For this exercise, return all the data word for word, with images left out.

_SUPPLIED MATERIAL_
▽

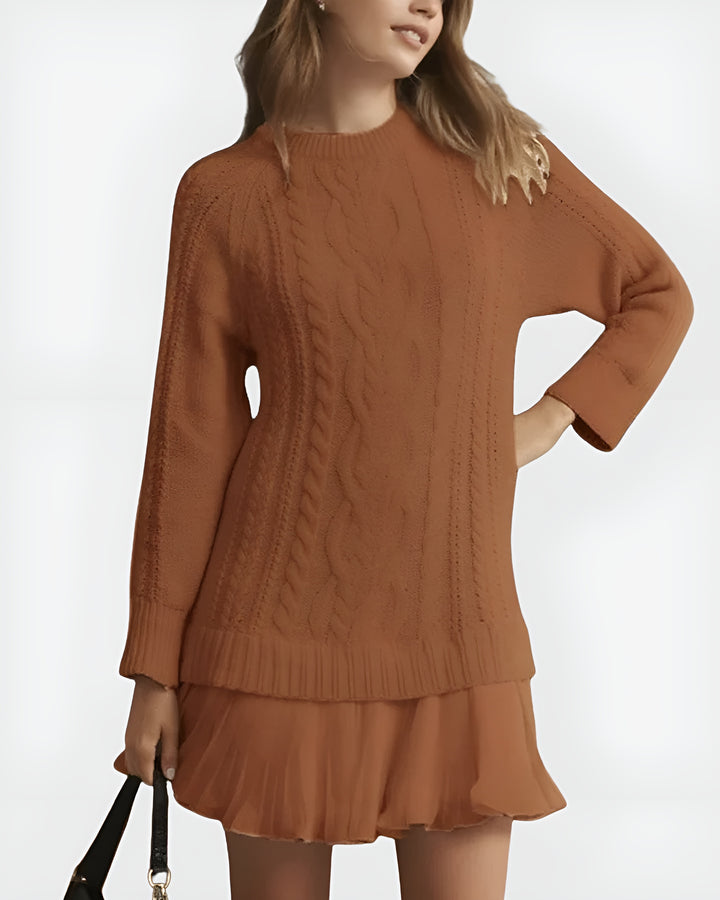 Soryndra | Chic Cable Knit Sweater Dress with Pleated Hem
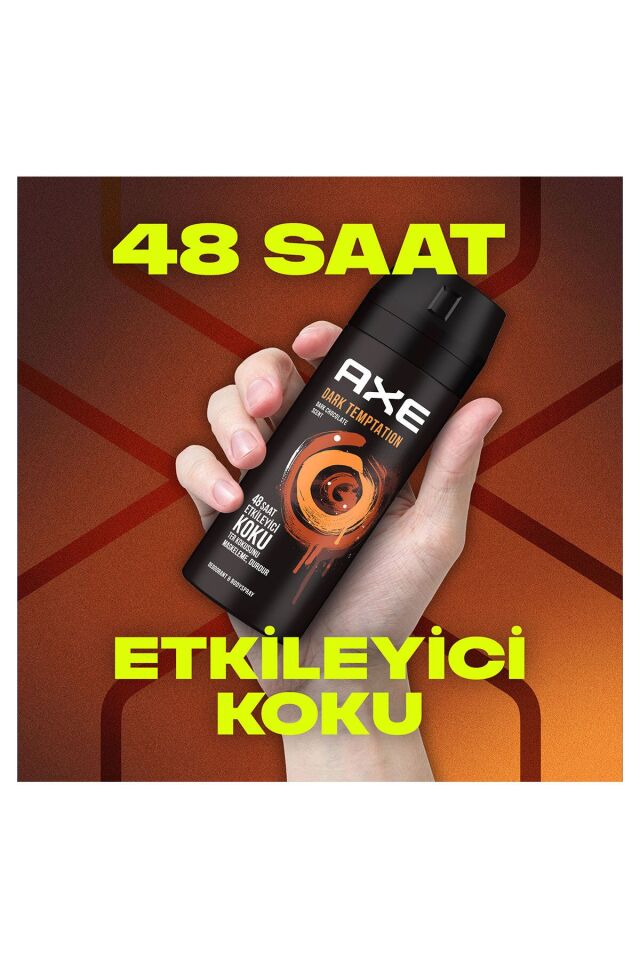 Axe Erkek Deodorant & Bodyspray Dark Temptation 48 Saat Etkileyici Koku Vücut Spreyi 150 ml X3 Adet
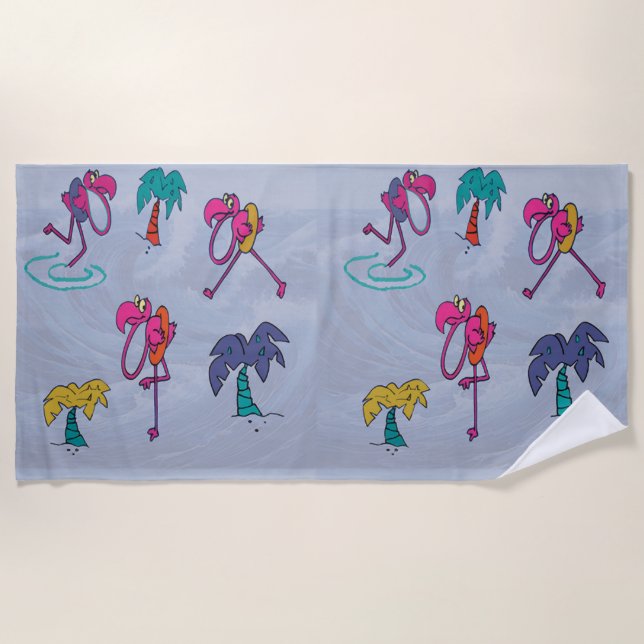 Toalha De Praia Flamingo Beach Towel (Frente)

△

_COMPLETED EXERCISE_
 Soryndra | Chic Cable Knit Sweater Dress with Pleated Hem
 Axe Erkek Deodorant & Bodyspray Dark Temptation 48 Saat Etkileyici Koku Vücut Spreyi 150 ml X3 Adet
 Toalha De Praia Flamingo Beach Towel (Frente)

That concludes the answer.